In cases with diversity jurisdiction, the Court must engage in a two-part analysis to determine whether personal jurisdiction exists. See Kernan v. Kurz-Hastings, Inc., 175 F.3d 236, 240 (2d Cir. 1999). First, the Court "must determine whether the plaintiff has shown that the defendant is amenable to service of process under the forum state's laws; and second, it must assess whether the court's assertion of jurisdiction under these laws comports with the requirements of due process." Id. (citing Metropolitan Life Ins. Co. v. Robertson-Ceco Corp., 84 F.3d 560, 566 (2d Cir.1996)).
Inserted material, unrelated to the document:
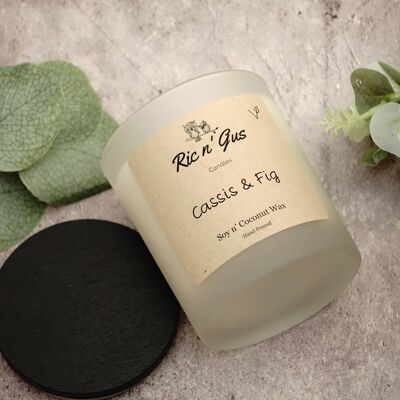 Fig & Cassis Scented Candle - Soy & Coconut Wax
Here, Plaintiffs argue they can demonstrate both general jurisdiction under New York C.P.L.R. § 301 and specific jurisdiction under C.P.L.R. § 302.
"General jurisdiction in New York is provided for in C[.]P[.]L[.]R[. §] 301, which allows a court to exercise 'such jurisdiction over persons, property, or status as might have been exercised heretofore.'" Hartford Fire Ins. Co. v. Maersk Line, No. 18-CV-121, 2019 WL 4450639, at *5 (S.D.N.Y. Sept. 17, 2019) (quoting Aybar v. Aybar, 169 A.D.3d 137, 143 (2d Dep't 2019)). Since "the Supreme Court's guidance on due process in Daimler AG v. Bauman, 571 U.S. 117, 139 (2014) . . . New York exercises general personal jurisdiction only if 'the corporation's affiliations with the state are so continuous and systematic as to render them essentially at home in the forum State.'" Id.
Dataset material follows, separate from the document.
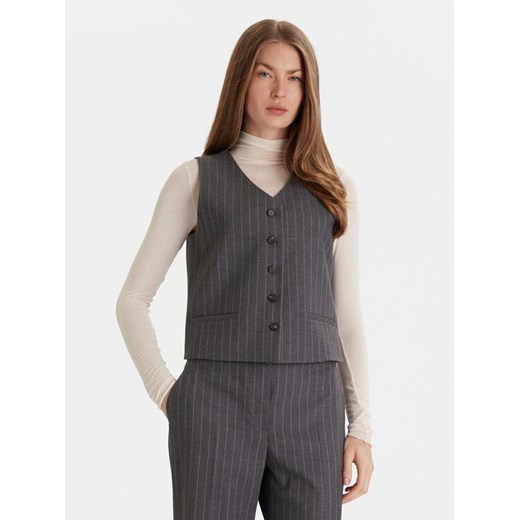 Tommy Hilfiger Kamizelka WW0WW46661 Szary Regular Fit ze sklepu MODIVO w kategorii Kamizelki damskie - zdjęcie 186655668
Additionally, federal due process permits general jurisdiction "when [the defendant's] affiliations with the State are so 'continuous and systematic' as to render them essentially at home in the forum State." Goodyear Dunlop Tires Ops., S.A. v. Brown, 564 U.S. 915, 919 (2011). Thus, "[a]side from 'an exceptional case' . . . a corporation is at home . . . only in a state that is the company's formal place of incorporation or its principal place of business." Gucci Am., Inc. v. Weixing Li, 768 F.3d 122, 135 (2d Cir. 2014) (quoting Daimler, 134 S. Ct. at 761, n.19).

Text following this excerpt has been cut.